暴れん坊JOJO

3. コール


 
やれやれ。ふたたび運転する車の中でため息をついた。
仗助は娘のことを知って、案の定拒絶しようとした。自分自身を。
俺をなじるようなヤツなら、むしろとっくに娘のことも話しただろう。とは言え、あの仗助だから惹かれたわけだ。どこが違っても、こんな風にはならなかったろう。

初めて会ったときもそうだった。
ジジイの変わりに殴られる覚悟で、代理で来た俺に、怒るどころか謝ってきた。髪型で切れまくっていたヤツがだ。
吉良の事件に決着がつき、この町を後にしたあとも、時々メールのやりとりはしていた。当時はまだ仗助はPCも携帯も持っていなかったが、メルアドをねだられた。

「そのうち携帯もてるようにオフクロに交渉するんで、そんときのために」
「ジジイのを聞いておいた方がいいんじゃねぇか?」

本当に聞きたいのはジジイ……父親のじゃないのか?そんな気持ちでからかうように聞いた。そして一瞬、さっと仗助の目をかすめた色に俺は後悔した。そう、後悔だ。
めったにあるもんじゃねぇ、仗助お前には判らないだろうがな。
明るくて、年相応の趣味や遊びに夢中になる、億泰とつるんで馬鹿をやり、俺といるときはどこか背伸びして肩をならべようと必死になってる。いつもスタンドのもつパワーそのままにあふれ出る生命力の輝きがある。
そんなお前が、どうにかすると、俺の一言でチラリと見せる、そのいつものお前と似ても似つかない表情が。おまえ自身気づいて無いんだろうが。

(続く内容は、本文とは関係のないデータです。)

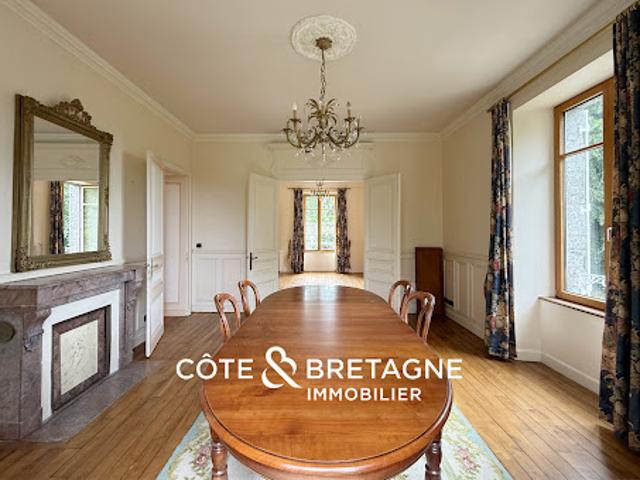 Vente Maison 13 pièces 299.99 m2 Ploeuc sur Lié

「…ジジイにメールなんて出来んですかぁ?いいんす、ジジイには別のモンもらうんで!」
「手紙にするのか。連絡先渡してなかったか?」
「えへへ、ナイショっすよ!」

お前が垣間見せる「あきらめ」の表情。それを見つけちまうとどうにも苦しい。所詮他人の人生だ、同情や哀れみなんてもんは俺の性質には合わない。そのはずなんだがな。

「え?……イイんすか?」
「なんだ、いらねーのか」
「い!要ります!!ありがとうございます!」

あわてて渡されたメルアドのメモを、内ポケットにしまいこむ仗助に苦笑する。
憐れみ、か。おまえにはぴったりだな。その優しさで、お前は周りを守り、憐れみをたれる。損なわれたものを取り戻す。
そんな精神の力を得てきたなかで、おまえ自身はいったいいくつのことを「あきらめ」て来たのか。

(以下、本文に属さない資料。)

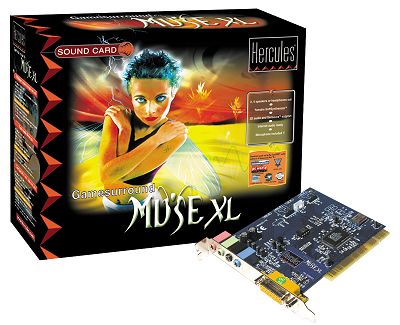 GameSurround Muse XL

しばらくして携帯を持った仗助が、時折メールをよこした。そう、時折、おそるおそるって感じだ。
書かれている内容は、町のことや、周囲の人間のことが多かった。まるで定時報告書のようだ。それに自分でもとても愛想がいいとは言いがたい、そっけない返事を送りながら、考えていた。
どうして自分はあの時メールアドレスを渡したのか。
どうして仗助の望みを叶えてやりたいと、そう思うのか。
どうして、あんなカオをさせたくねぇ、と仗助の顔ばかり思い出すのか。
振り返ってみれば、杜王町に滞在中も、普段の俺にくらべてずいぶんと世話をやいていなかったか。

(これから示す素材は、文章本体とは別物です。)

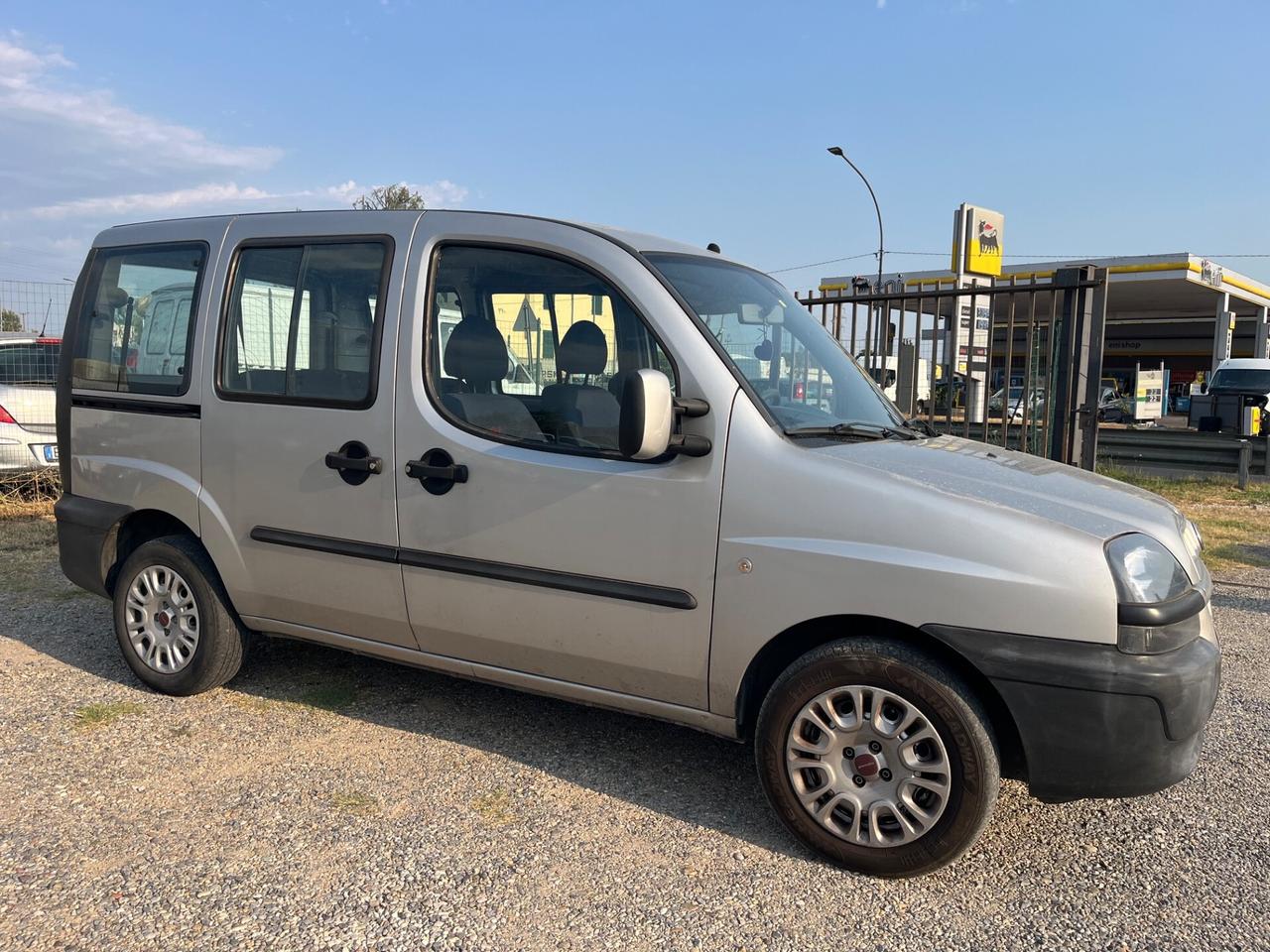 Fiat Doblo 1.9 JTD cat Active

" 俺は誰とメールをしているんだ、仗助。お前のことを話せ。お前は、
今何を思っている "

だからそんな風に返事を送った。返事がくる気配はなかった。
元々気が長い方じゃねぇ。俺は仗助の携帯にコールした。考えてみれば、番号を知らせるために仗助がかけてきて以来だった。
ずいぶんとコール音が繰り返されたが、俺は切るつもりは一向になかった。

「……」

やっと繋がった回線は、音をよこさなかった。

「仗助」

一瞬向こう側で息をのむような音が聞こえたようだった。

「泣いているのか?」

何があったとは聞かなかった。俺の言葉はお前を傷つけるだけだったか。

「仗助」
「……ずりぃ」

やっとか細い声が応えてきて、俺は笑った。

「大人だからじゃねぇか?オラ、言ってみろ仗助」
「……」
「やれやれ、強情だな。電話ってのはじれったいな、直接見えねぇ分言葉にしなきゃ判らねぇ」

ガキの強がりだ。泣き声なんてかっこ悪くて聞かせられねぇ、けど声が揺れるのが抑えらんねぇ、そんなトコか。

「だったら……」

むりやり作ったみたいな仗助の声に、目を閉じる。その声だけに感覚が支配される。

「会って……確かめりゃいい……ス」

そうだ、そうやって手ぇだしな。あきらめる必要はねぇぜ。俺は何をお前の手に載せてやれるかな。

「そうだな」

手を握ってやるくらいなら、出来るかもしれねぇな。
お前はそれを望むか?

結局、再会は仗助が進路の準備のために東京に来るまで、2年近く待たなくてはならなかった。